DATA FOR ANALYSIS:

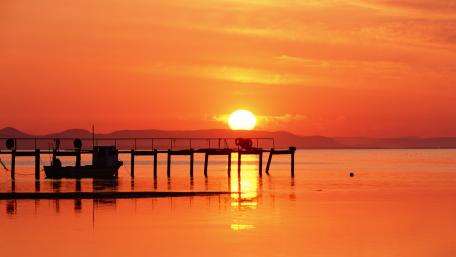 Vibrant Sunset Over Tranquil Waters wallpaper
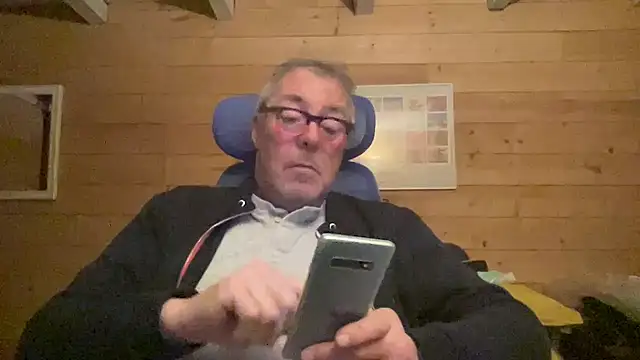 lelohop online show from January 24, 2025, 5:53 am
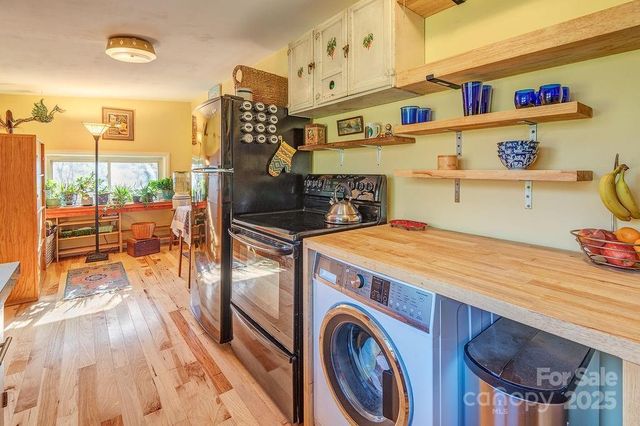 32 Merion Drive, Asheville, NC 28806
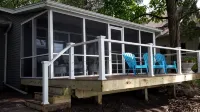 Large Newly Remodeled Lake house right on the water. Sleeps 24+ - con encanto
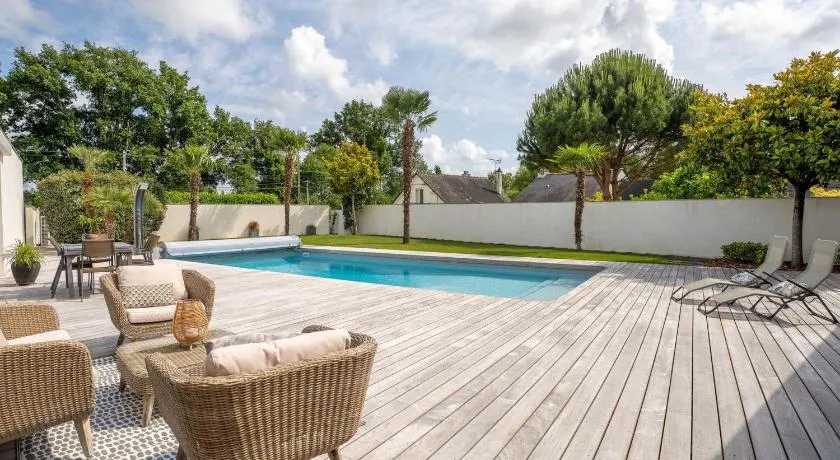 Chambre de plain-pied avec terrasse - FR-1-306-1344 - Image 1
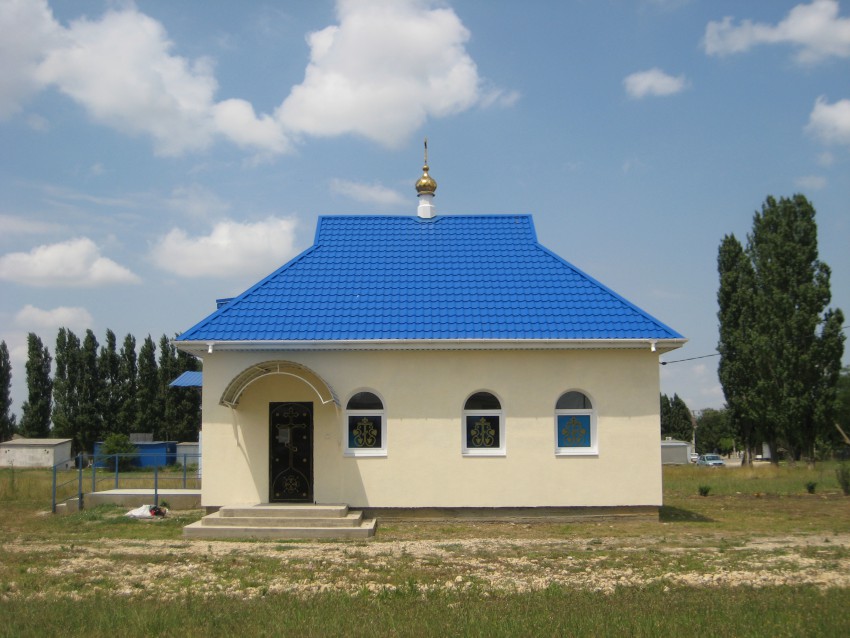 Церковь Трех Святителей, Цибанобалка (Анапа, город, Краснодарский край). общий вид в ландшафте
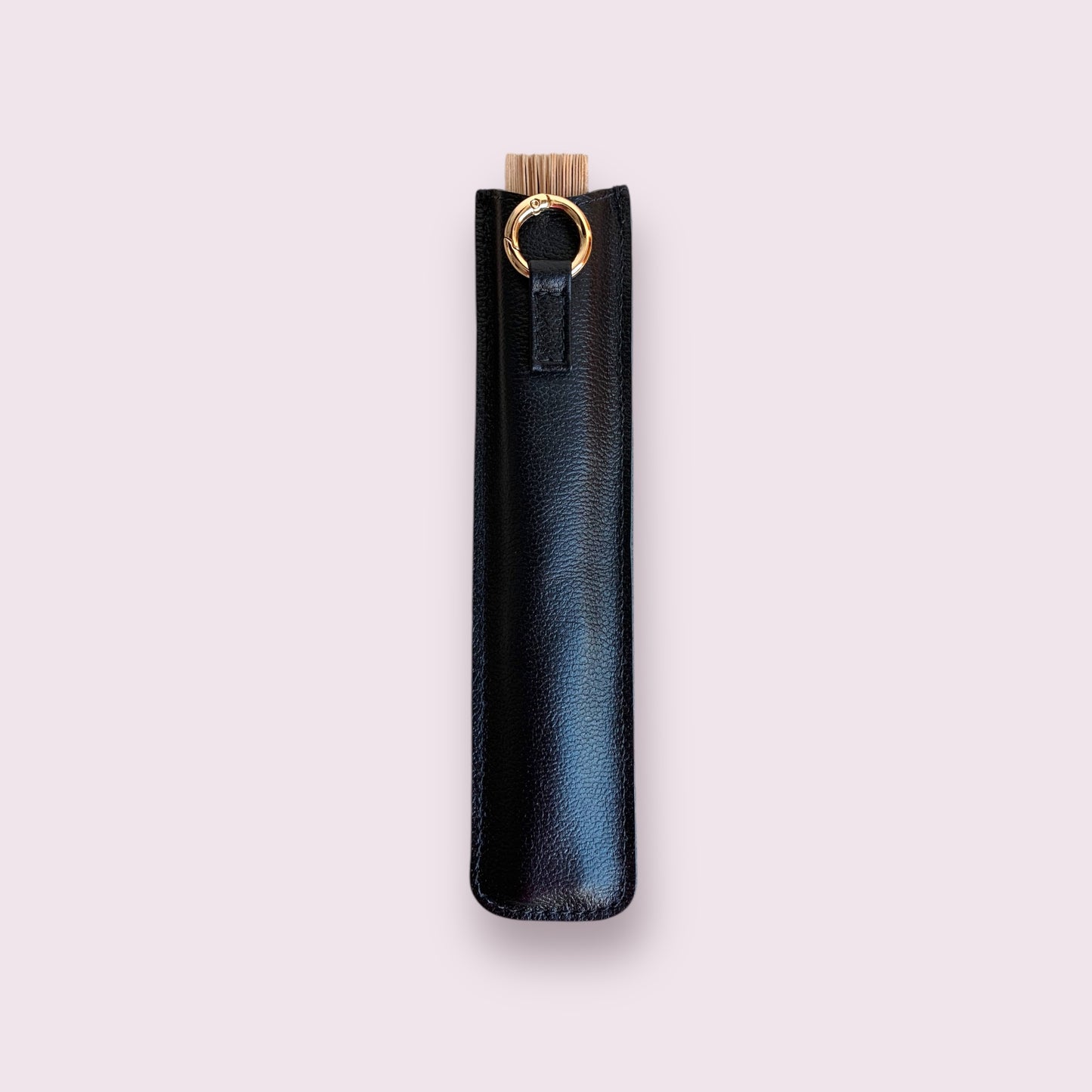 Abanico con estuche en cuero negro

...

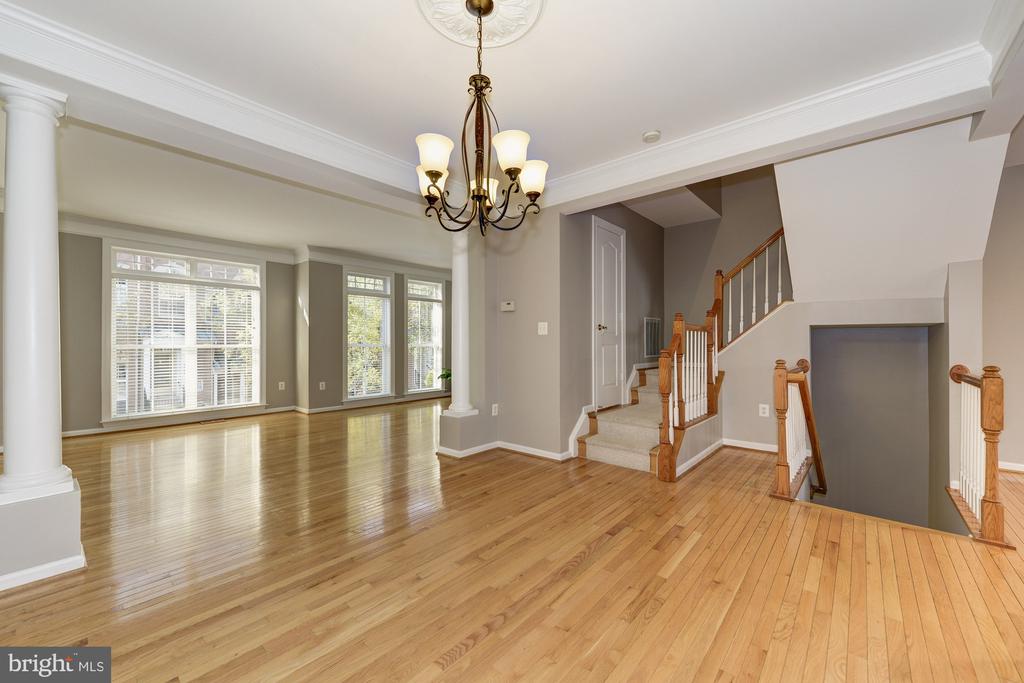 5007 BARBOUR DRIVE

REQUIREMENT: Write out again exactly the lines above from the one with "32 Merion Drive, Asheville, NC 28806" through the one with "Abanico con estuche en cuero negro", adding no other lines and no pictures.

OUTPUT FOR THIS EXERCISE:
 32 Merion Drive, Asheville, NC 28806
 Large Newly Remodeled Lake house right on the water. Sleeps 24+ - con encanto
 Chambre de plain-pied avec terrasse - FR-1-306-1344 - Image 1
 Церковь Трех Святителей, Цибанобалка (Анапа, город, Краснодарский край). общий вид в ландшафте
 Abanico con estuche en cuero negro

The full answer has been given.